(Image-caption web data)
===

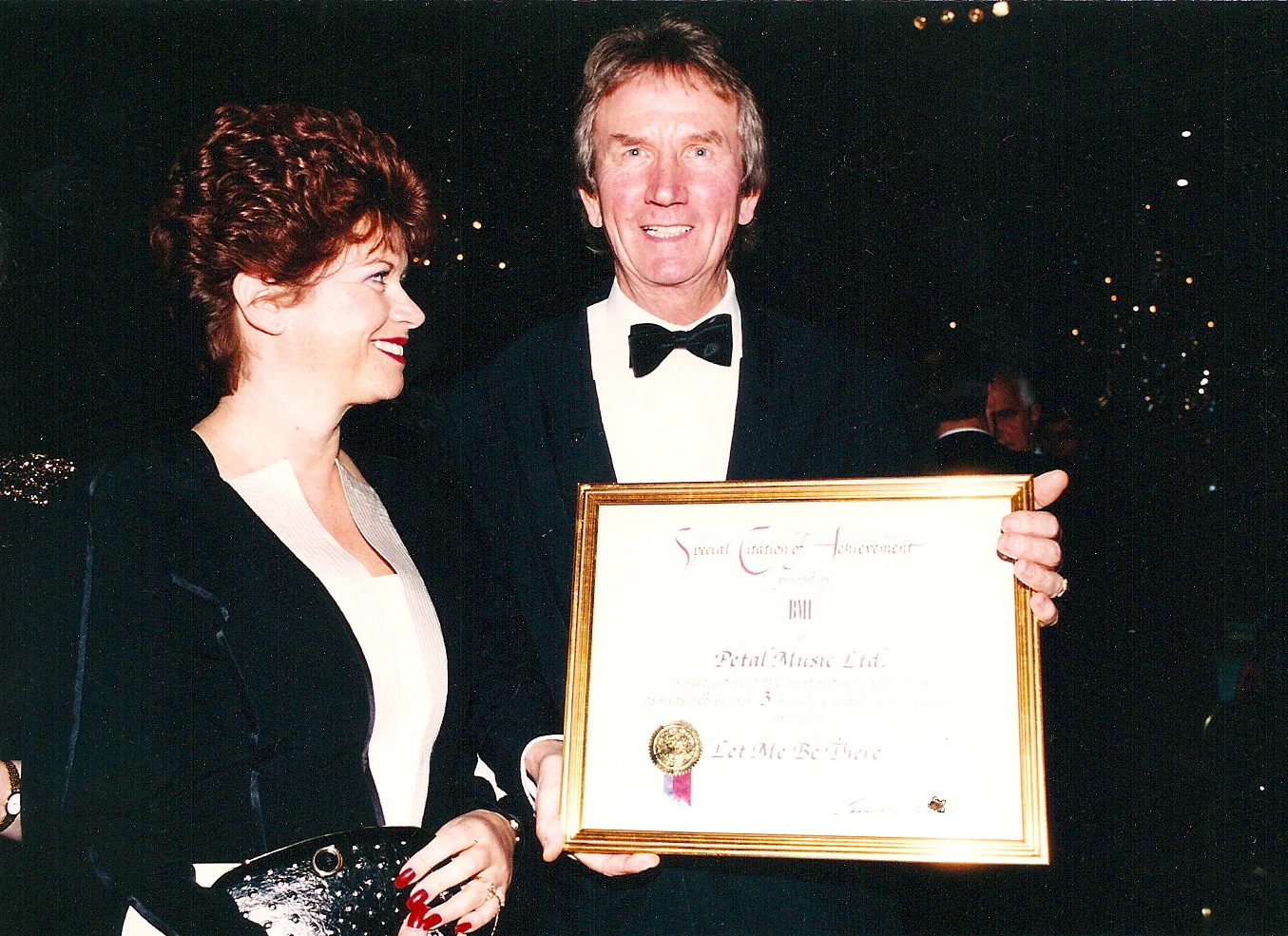 AWARDS - Chris smiles at this award copy.jpg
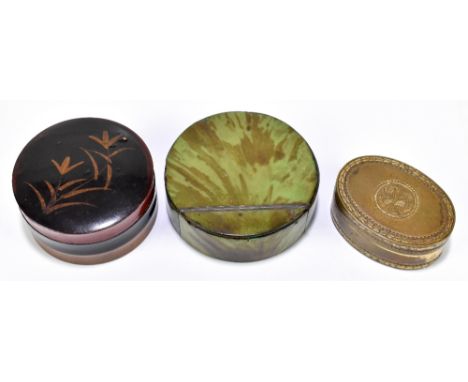A Georgian green tortoiseshell snuff box of circular form, diameter 9cm, together with a brass snuff box and a lacquered box 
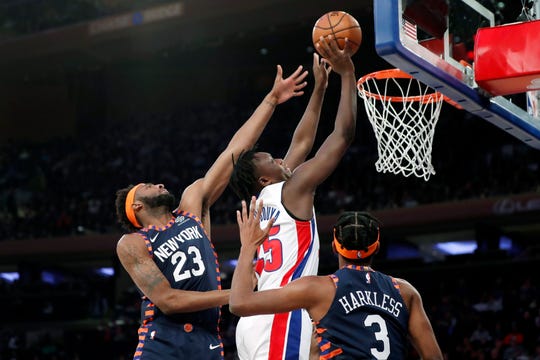 New York Knicks center Mitchell Robinson (23) defends Detroit Pistons forward Sekou Doumbouya (45) during the first half.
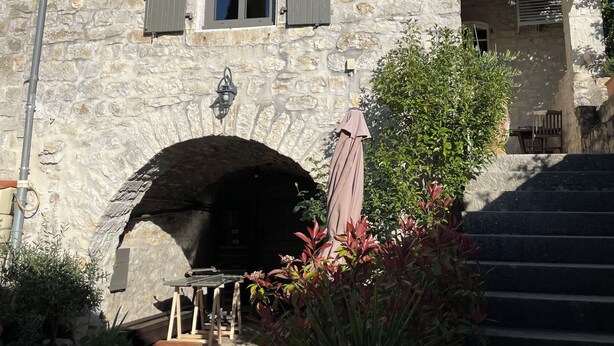A stone building with a central archway, multiple windows with shutters, and a staircase leading to an upper level. - CHARMING, air-conditioned house with a private, fully secured saltwater pool. (Chandolas)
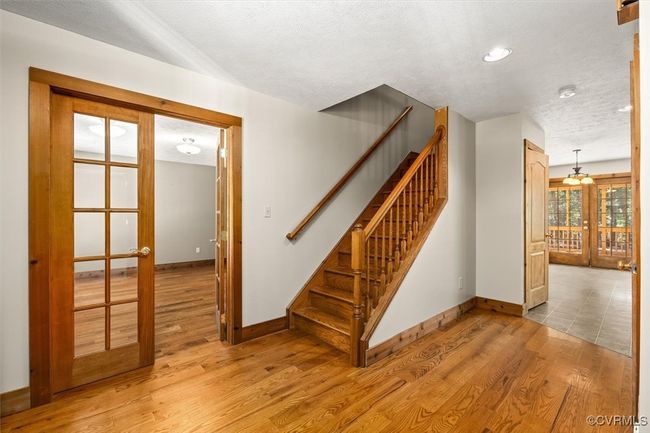 Stairs with wood-type flooring, a textured ceiling, and french doors | Image 28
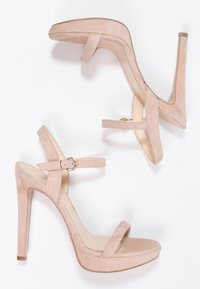Beiga mockaskinnsandaler med hög klack, stängd bak, öppen tå och ankelsnören. Har ett guldspänne och en plattformdesign.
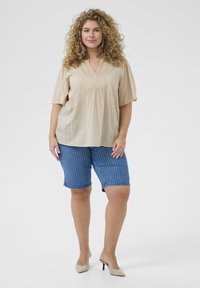 Beige blouse with short sleeves and vertical pleats at the neckline, paired with blue pinstriped shorts. Model wearing light-colored heels.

===

● WORK TO BE COMPLETED: Using the entries above, repeat exactly the lines from the one with "A stone building" to the one with "Stairs with wood-type", both included, and leave the pictures behind.

● EXERCISE SOLUTION:
A stone building with a central archway, multiple windows with shutters, and a staircase leading to an upper level. - CHARMING, air-conditioned house with a private, fully secured saltwater pool. (Chandolas)
 Stairs with wood-type flooring, a textured ceiling, and french doors | Image 28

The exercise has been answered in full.